I’m working on a retrieval augmented generation project that involves processing around 30,000 PDF files. Many of these documents are quite large, with some containing up to 300 pages each. All the PDFs have been processed through OCR, so I’m dealing with plain text content.
My main challenge is with the document ingestion phase into the knowledge base. I initially attempted to use an open webui setup with an ollama backend, but the performance was unacceptably slow for this volume of data.
I’m looking for recommendations on the most effective approaches for handling this scale of document processing. Has anyone successfully implemented a similar large-scale RAG system? What tools, frameworks, or strategies worked best for your use case? Any insights on optimizing the ingestion pipeline would be greatly appreciated.
Been there with similar document volumes - the ingestion bottleneck will absolutely kill your project if you don’t handle it right.
Break this into parallel chunks instead of processing everything sequentially. Split those 300-page docs into smaller sections (10-20 pages each), then run multiple processing pipelines at once.
Don’t build this manually. Coordinating document splitting, embedding generation, vector storage, and error handling gets messy fast. You’ll debug pipeline issues more than actually using your RAG system.
I handled 25k documents last year using automation for the entire flow. Set up parallel streams processing ~500 documents simultaneously, with automatic retry for failed chunks and smart batching for vector database writes.
Automating this lets you monitor progress real-time, pause/resume processing, and scale based on your infrastructure.
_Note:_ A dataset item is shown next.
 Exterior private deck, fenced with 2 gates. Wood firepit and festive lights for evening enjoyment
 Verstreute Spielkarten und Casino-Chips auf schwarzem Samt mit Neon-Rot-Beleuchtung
Plus you get proper error logging so when something breaks (it will), you know exactly which documents need reprocessing.
Latenode makes complex document pipelines like this really straightforward to build and manage. Check it out at https://latenode.com
Had the same scalability nightmare building a RAG system for legal docs last year. Game changer was ditching sequential processing for parallel with a proper queue system. Used Celery + Redis to spread the work across multiple workers - cut processing time from weeks down to 2 days for ~25k documents. Also stopped using fixed-size chunks and parsed by sections/paragraphs instead to keep the meaning intact. Switched from Chroma to Weaviate for the vector DB - handles scale way better. Heads up on memory requirements - you’ll need tons of RAM or go with disk-based storage. Pro tip: test retrieval quality early because what works for hundreds of docs can fall apart at this scale.